In my mind, the egregiously ill-informed part of Woodhead's overview was this comment in the bizarrely non sequitur final par:
This is especially true in a year when the centre of gravity seems to have shifted decisively to Sydney in terms of establishment theatre.
Firstly, it happened three or four years ago. It's was less pronounced in 2006. Why mention missing out on History Boys? What about Declan Donnellan's Othello &c. &c. before it?
There was no way in the world Kosky's extravaganza was gonna tour. It had scores of NIDA kids in it.
D'oh. Hit the wrong button. Wasn't finished. Guess you'll just have to accept my draft as was... Without the connective tissue I was gonna add.
Anyway, with Sydney's Company B off the boil and the Malthouse firing here, the theatre scenes are a bit more balanced than they have been.
It's always hard to compare scenes. Apart from the obvious STC & MTC match up -- which the STC wins in a devastating round one KO -- the scenes operate on entirely different models.
In Melbourne, great little companies produce plays. In Sydney, great little venues curate offerings from... well... god knows where!
One final moan/prediction. When the Aged finally gets off its fart arse (interesting typo that one, might leave it in!) and institutes a theatre/arts blog -- which the Sydney Morning Herald did last year -- we're gonna have to endure the patronising bilge about them "legitimising" the internet.
The bastards say: just fuck right off. (Excuse me.)
We like profane language here, it adds to our street cred and misleading glamour...
Good point too on the Sydney/Melbourne thing. Sydney is a bit of a vacuum for me, as I never get there. A pity, I love visiting but I can't remember the last time I went. As Jeremy Eccles complained once, this is a Melbourne-centric blog. That's because I live here.
Yeah, can't wait to be "legitimised". I guess it's like a brand on the arse.
I was thinking, Alison, your bullshit had a real frisson... cos you're more judicious? sparing? in your use and abuse of profanity.
If I can misquote Kramer: Serenity now, profanity later.
At the risk of sounding repetitive, to put it succinctly, every criticism Leslie Cannold had of blogging I thought was equally attributable to mainstream media.
Perhaps we're giving her too much credit (and oxygen). I think the article was just an obligatory article with little sincerity. Perhaps even deliberately provocative.
Well, I do think the new media/ old media opposition is a bit of a straw man. It's much more complex than that and to my mind much more interesting. Anyone claiming that blogs are going to blow old media away isn't on planet earth; on the other hand, Cannold does say that they may revitalise newspapers, as they are shown up as out of touch. We shall see. I certainly don't believe that a job on the Age guarantees authority and gravitas, though people often seem to think it does. I think that's earned by the work one does. But all the same, sometimes I wish I had a sub (Chris steps in for me now and again...) Anyway, interesting times.

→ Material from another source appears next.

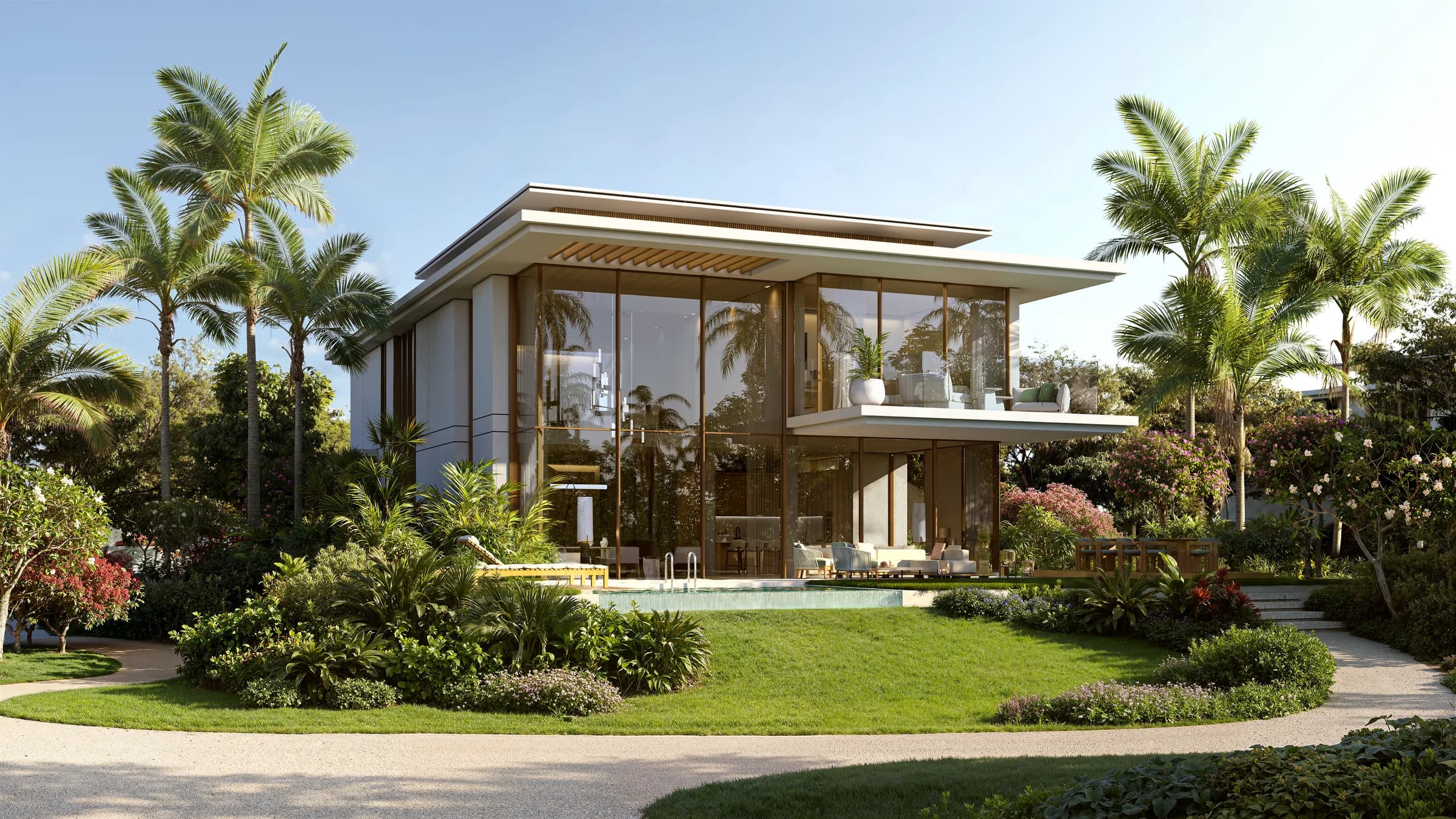 Garden villa evening exterior at Bay Estate, Island E, Dubai Islands by Nakheel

Ironically, The Age also has an article online today about RSS:
"RSS" is one of the coolest things you've never heard of when it comes to the internet.
It goes on to say that newspapers are starting to use feeds, but then there's not a word on what The Age is doing about it. Personally, I use RSS feeds to deliver ABC news to my personalised Google home page. It'd be nice to get The Age feeds.